Solo.io raises $11M to help enterprises adopt cloud-native technologies

Solo.io, a Cambridge, Mass-based startup that helps enterprises adopt cloud-native technologies, is coming out of stealth mode today and announcing both its Series A funding round and the launch of its Gloo Enterprise API gateway.

Redpoint Ventures led the $11 million Series A round, with participation from seed investor True Ventures . Like most companies at the Series A state, Solo.io plans to use the money to invest in the product development of its enterprise and open-source tools, as well as to grow its sales and marketing teams.

Solo.io offers a number of open-source tools, like the Gloo function gateway, the Sqoop GraphQL server and the SuperGloo (see a theme here?) service mesh orchestration platform. In addition, the team has also, among others, open-sourced its Kubernetes debugger, a tool for building and running unikernels.

Its first commercial offering, though, is an enterprise version of the Gloo function gateway. Built on top of the Envoy proxy, Gloo can handle the routing necessary to connect incoming API requests to microservices, serverless applications (on the likes of AWS Lambda) and traditional monolithic applications behind the proxy. Gloo handles the load balancing and other functions necessary to aggregate the incoming API requests and route them to their destinations.

“Costumers who use Gloo to connect between microservices and serverless found that invocation of [AWS] Lambda is 350ms faster than the AWS API Gateway,” Idit Levine, the founder and CEO of Solo.io, told me. “Gloo also offers them direct money saving, since AWS bills per invocation.
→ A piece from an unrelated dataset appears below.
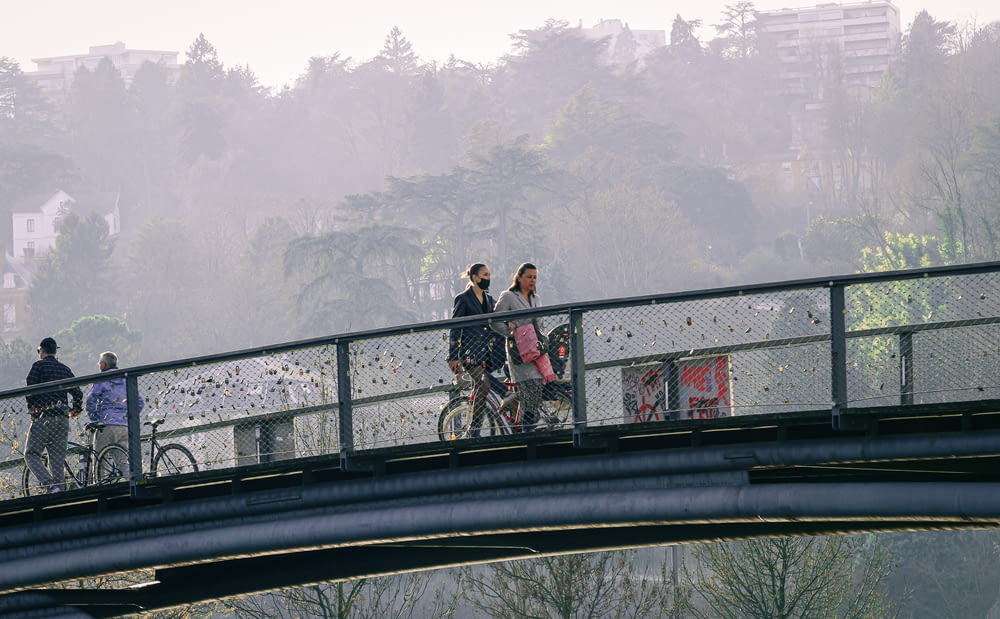 a group of people riding bikes across a bridge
In general, Gloo offers money saving because it allows our clients to use the less expensive technologies — like their legacy apps, and sometimes containers — whenever they can, and limit the use of more expensive stuff to whenever it’s necessary.”

The enterprise version adds features like audit controls, single sign-on and more advanced security tools to the platform.

In addition to broadening its customer base, the company plans to invest heavily into its customer success and support teams, as well as its evangelism and education efforts, Levine tells me.

“Helping enterprises easily adopt innovative technologies like microservices, serverless and service mesh is our goal at Solo.io,” Levine in today’s announcement. “Melding different technologies into one coherent environment, by supplying a suite of tools to route, debug, manage, monitor and secure applications, lets organizations focus on their software without worrying about the complexity of the underlying environment.”